The approach looks to combine the computational power of analogue with the energy benefits of digital technologies. This new model looks to change the current way of thinking and is, according to the team, destined to shape the next generation of electronics.
Published in Nature Communications, the study, titled ‘Seamlessly fused digital-analogue reconfigurable computing using memristors’, revealed how the fusion of analogue and digital thinking can be achieved by combining standard digital electronics - as found in every computer and mobile phone today - with the rapidly emerging technology of analogue memristor devices.
This could prove a significant stepping-stone towards the next generation of ultra-low power, high battery life and adaptable electronics.
According to Dr Alexantrou Serb, lead author of the paper from the University of Southampton: “Over the last five decades we have processed digital signals and have computed using digital techniques, which has taken us very far.
“However, if we are to truly compute at the limits of energy efficiency, that the laws of physics allow, it would seem imperative that we need to move towards analogue computation techniques whilst being much savvier about how to mix analogue and digital signals for maximum effect.”
The team’s work builds on previous developments of memristive technologies undertaken at the University of Southampton. This has included the demonstration of a new memristor technology that can pack unprecedented amounts of data per device, almost four times more than previously reported.
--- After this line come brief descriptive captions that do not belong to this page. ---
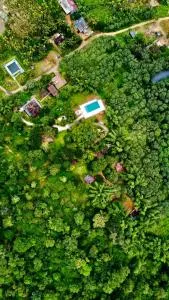 Misty Night Jungle Side Resort - Pulpally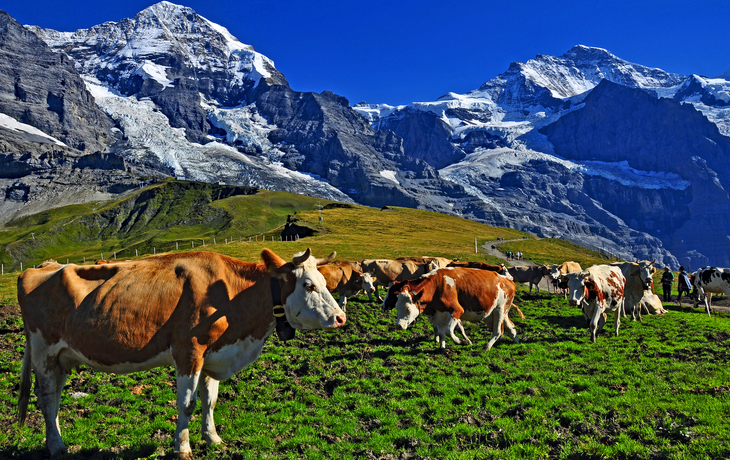 Mönch und Jungfrau in den Berner Alpen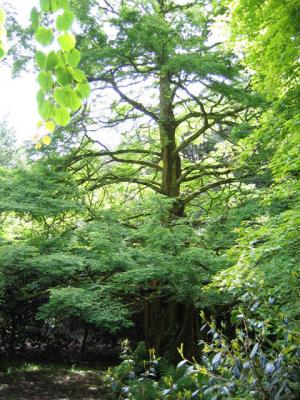 A Dawn Redwood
Professor Themis Prodromakis, Head of the Electronic Materials and Devices Research Group at Southampton’s Zepler Institute, said: “Memristors have gathered a lot of interest as a next generation memory technology by being smaller, more power efficient and yet being able to support more memory states when compared to existing technologies that are routinely used in our smartphones and computers.
“Our group has worked in that direction with the support of EPSRC, contributing towards demonstrating more mature and reliable technologies and improving on their performance.
“We soon, realised that there is much more to be earned by employing this technology beyond its obvious memory applications and have previously demonstrated how memristors can be used to emulate biological learning.”
The capability to pack large amounts of memory cheaply is a key stepping stone towards a new breed of electronics. Traditionally, the processing of data in electronics has relied on integrated circuits (chips) featuring vast numbers of transistors.
In this switch-based concept, memory is an expensive resource used as sparingly as possible. Until now, performance improvements were achieved by reducing the size of transistors and packing more of them in each microchip. However, with transistors now reaching their physical scaling limits, further improvements using the old techniques are becoming increasingly challenging.
A direct impact of this research on modern technologies could be the creation of ultra-efficient artificial intelligence (AI) hardware. AI by nature lends itself to analogue implementation of computation much more readily than to the current digital-based techniques used in our smartphones and the cloud.
The projected power-savings and performance gains from using memristor-based, analogue microchips suggest that this research could lead to hardware that exhibits true intelligence without the help of a supercomputer in the cloud, and yet fits in the palm of one’s hand.
The resulting proliferation of intelligent agents is capable of disrupting every level of social and economic activity and fundamentally change the daily environment with which we interact.